The fund is “making later-stage control equity investments in established North American oil and gas companies with liquids-weighted, top quality assets, but whose corporate entities have run into challenges. These special situations typically require recapitalizing, restructuring, and repositioning to unlock the assets’ underlying values.”

Investments being targeted typically require between C$300 million and C$500 million of equity capital, he said.

After it was formed last year, Waterous invested in Calgary-based producers Strath Resources Ltd. and Northern Blizzard Resources Inc. Northern Blizzard then changed its name to Cona Resources Ltd. The new fund already has invested more than 60% of its capital in Strath and Cona.

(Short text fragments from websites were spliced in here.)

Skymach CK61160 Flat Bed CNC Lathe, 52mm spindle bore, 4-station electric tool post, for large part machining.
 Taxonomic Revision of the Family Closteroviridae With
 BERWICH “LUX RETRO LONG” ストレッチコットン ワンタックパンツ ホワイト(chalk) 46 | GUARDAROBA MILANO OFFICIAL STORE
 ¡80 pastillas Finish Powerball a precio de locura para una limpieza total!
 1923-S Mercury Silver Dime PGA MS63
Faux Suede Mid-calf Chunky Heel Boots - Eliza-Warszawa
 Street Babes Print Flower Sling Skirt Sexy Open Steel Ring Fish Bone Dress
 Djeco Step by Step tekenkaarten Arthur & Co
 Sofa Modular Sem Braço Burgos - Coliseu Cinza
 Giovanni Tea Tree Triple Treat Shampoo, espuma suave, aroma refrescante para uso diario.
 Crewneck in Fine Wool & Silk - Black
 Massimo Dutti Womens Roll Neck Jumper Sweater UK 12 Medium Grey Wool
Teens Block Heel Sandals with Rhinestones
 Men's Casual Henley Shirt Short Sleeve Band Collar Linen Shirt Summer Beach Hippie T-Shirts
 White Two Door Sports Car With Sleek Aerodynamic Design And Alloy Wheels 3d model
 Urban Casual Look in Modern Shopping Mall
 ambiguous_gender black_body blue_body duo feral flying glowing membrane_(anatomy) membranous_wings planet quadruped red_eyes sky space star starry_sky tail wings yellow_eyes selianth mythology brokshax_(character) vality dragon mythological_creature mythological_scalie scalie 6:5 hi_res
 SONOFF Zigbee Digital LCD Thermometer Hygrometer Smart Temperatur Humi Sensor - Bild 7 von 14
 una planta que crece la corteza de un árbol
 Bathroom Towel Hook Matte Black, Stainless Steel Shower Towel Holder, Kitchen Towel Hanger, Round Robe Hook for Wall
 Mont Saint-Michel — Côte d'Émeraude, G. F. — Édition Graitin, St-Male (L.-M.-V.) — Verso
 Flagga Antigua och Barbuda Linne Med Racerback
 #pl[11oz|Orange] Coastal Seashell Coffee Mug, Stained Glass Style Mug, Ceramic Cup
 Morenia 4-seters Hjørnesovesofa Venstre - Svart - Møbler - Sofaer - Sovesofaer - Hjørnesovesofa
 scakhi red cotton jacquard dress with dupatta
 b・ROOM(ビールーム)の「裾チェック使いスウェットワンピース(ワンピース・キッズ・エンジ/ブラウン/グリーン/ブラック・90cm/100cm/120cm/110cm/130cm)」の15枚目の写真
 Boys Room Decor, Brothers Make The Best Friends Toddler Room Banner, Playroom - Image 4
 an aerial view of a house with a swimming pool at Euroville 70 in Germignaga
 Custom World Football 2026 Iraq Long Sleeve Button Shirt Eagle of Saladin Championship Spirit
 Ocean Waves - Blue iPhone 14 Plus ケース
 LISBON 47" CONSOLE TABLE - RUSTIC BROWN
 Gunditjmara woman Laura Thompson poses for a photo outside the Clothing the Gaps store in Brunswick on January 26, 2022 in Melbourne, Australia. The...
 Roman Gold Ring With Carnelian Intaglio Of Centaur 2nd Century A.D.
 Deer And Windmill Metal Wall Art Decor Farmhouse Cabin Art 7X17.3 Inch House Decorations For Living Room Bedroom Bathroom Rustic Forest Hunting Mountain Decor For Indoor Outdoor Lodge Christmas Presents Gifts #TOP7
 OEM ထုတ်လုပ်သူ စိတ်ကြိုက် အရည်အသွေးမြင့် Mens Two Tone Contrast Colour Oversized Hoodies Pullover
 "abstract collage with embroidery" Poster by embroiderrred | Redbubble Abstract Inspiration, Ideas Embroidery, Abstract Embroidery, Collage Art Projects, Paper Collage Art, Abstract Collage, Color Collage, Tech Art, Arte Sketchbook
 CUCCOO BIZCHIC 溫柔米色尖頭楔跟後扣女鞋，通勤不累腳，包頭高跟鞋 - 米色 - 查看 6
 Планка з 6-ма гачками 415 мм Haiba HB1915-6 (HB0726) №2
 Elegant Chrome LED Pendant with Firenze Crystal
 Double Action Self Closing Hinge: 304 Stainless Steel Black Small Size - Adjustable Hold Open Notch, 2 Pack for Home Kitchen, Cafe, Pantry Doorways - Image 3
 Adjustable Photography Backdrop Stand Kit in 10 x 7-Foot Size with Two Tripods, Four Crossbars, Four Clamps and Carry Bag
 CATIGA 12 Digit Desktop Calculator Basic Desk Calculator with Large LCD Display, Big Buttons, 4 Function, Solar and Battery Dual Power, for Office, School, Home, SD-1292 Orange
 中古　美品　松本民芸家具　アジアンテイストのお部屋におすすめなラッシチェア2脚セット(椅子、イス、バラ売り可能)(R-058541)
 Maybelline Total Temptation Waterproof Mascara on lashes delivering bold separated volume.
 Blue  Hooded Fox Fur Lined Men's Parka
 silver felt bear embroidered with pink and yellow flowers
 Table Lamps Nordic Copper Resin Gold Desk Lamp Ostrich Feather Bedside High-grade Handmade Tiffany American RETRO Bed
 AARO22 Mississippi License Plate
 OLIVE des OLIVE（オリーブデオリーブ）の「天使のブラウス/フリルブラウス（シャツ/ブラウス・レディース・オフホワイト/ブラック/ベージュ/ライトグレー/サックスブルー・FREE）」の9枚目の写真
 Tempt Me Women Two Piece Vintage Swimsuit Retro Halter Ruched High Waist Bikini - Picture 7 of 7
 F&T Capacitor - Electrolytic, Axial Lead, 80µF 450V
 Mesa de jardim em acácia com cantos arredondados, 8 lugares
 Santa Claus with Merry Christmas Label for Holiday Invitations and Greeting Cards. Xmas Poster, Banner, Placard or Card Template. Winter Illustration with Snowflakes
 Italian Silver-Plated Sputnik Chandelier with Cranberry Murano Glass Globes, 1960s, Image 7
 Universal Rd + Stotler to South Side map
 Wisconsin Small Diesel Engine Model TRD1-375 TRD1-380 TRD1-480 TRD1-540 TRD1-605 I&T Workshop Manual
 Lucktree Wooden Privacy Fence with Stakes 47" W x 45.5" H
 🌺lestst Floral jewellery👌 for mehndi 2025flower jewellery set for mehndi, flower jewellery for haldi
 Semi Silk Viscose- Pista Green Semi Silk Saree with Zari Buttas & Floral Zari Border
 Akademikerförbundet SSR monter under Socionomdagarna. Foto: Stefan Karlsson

Strath develops oil and gas properties in the Kakwa area of Alberta’s Deep Basin, including the Montney formation. Last month Strath paid C$340 million, half in cash supplied by Waterous, and half in company shares, to acquire Paramount Resources Ltd.’s assets in the Resthaven/Jayar area of the Kakwa region. Production is estimated at 5,300 boe/d, 36% weighted to liquids.

The acquisition, directly offsetting Strath’s existing Kakwa property, includes 152 net sections of land, including 75 net with Montney rights, along with 62 MMcf/d of processing capacity at the Pembina 8-11 and Cenovus 1-36 Resthaven gas plants. At closing, expected this month, Paramount would own 15.6% of Strath. Strath also is appointing Paramount CEO Jim Riddell to its board.

Cona, a heavy oil producer in Saskatchewan, agreed in March to take the company private. Waterous, with shareholder approval, paid C$2.55/share, a 31% premium over Cona’s 20-day volume-weighted average price as of March 6. Through the offer, Waterous acquired a 67% ownership in Cona and is the sole shareholder.